Du coup, un jour, dans l’ascenseur de mon immeuble, j’ai dit bonjour et on m’a demandé d’où je venais. C’était la deuxième ou troisième fois déjà (pause hot-dog oblige) et j’étais tellement lasse que j’ai répondu : « Ici. » L’homme a froncé les sourcils, confus. « Mais… vous avez un accent… » Je l’ai regardé droit dans les yeux, le défiant de me traiter de grosse menteuse. Il tente un faible : « Québec ? ». Je répète : « Non, ici. » Les doubles portes métalliques s’ouvrent et je m’échappe, le laissant se noyer dans son embarras. À voir sa tête, c’est comme si je lui avais dit que le père Noël n’existait pas. Crise existentielle. Ce n’était peut-être pas très adroit de ma part mais ça m’a fait du bien.
Bien sûr, venir d’ailleurs, c’est quelque chose qu’on doit célébrer. Je connais des amis qui sautent sur n’importe quelle occasion pour parler de leurs origines, de leur pays, de leur ville. Je sais aussi qu’on me pose la question pour faire la causette ou pour se voir demander « Et vous, d’où venez-vous ? » en retour. Ou, peut-être, dans 1 % des cas, parce que ça intéresse véritablement. Mais ça me fait sentir que je ne fais « que passer ». Comme si je sortais fraîchement de l’aéroport, en route pour m’acheter une peluche de caribou avant de repartir aussitôt manger du cassoulet à Toulouse. À Vancouver, les gens viennent et les gens partent et c’est parfois dur de s’enraciner. Encore plus dur quand on vous rappelle constamment que vous n’êtes pas d’ici. Et encore, je suis caucasienne. Je n’ai donc aucune raison de me plaindre à part l’infini plaisir que j’y prends.

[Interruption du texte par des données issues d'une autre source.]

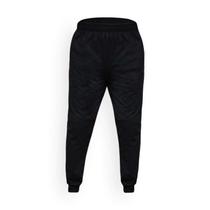Calça Elite Avulsa Inverno Masculino - Preto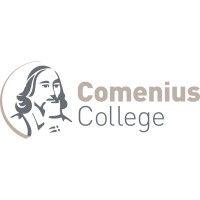 comenius college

Bien que je n’aie pas honte d’être Française, j’aimerais bien qu’on me parle d’autre chose quand on me rencontre. J’aimerais qu’on me demande ma couleur préférée (bleu pétrole), mon dessert de prédilection (cheesecake) et combien de chats je veux quand je serais vieille (17).

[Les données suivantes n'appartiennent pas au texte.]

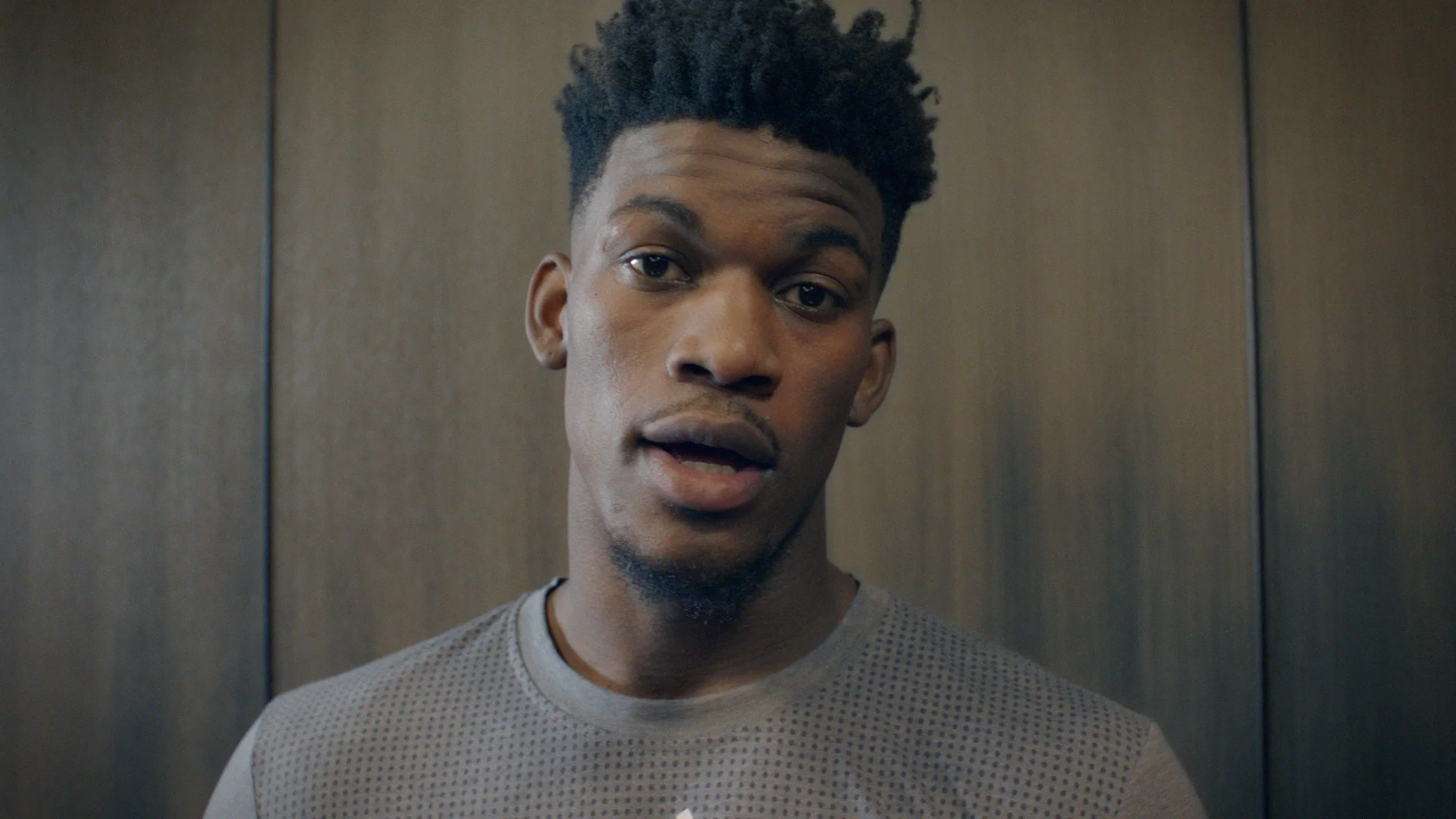 01_NBA_Store.jpg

L’aspect pluriel de Vancouver est très attirant et on devrait s’intéresser à la culture des autres sans l’effacer d’une étiquette de « canadienne. » Mais une fois, juste une fois, j’aimerais acheter un hot-dog sans qu’on me rappelle que je devrais manger du cassoulet à la place. Peut-être parce qu’au fond, ça me manque terriblement.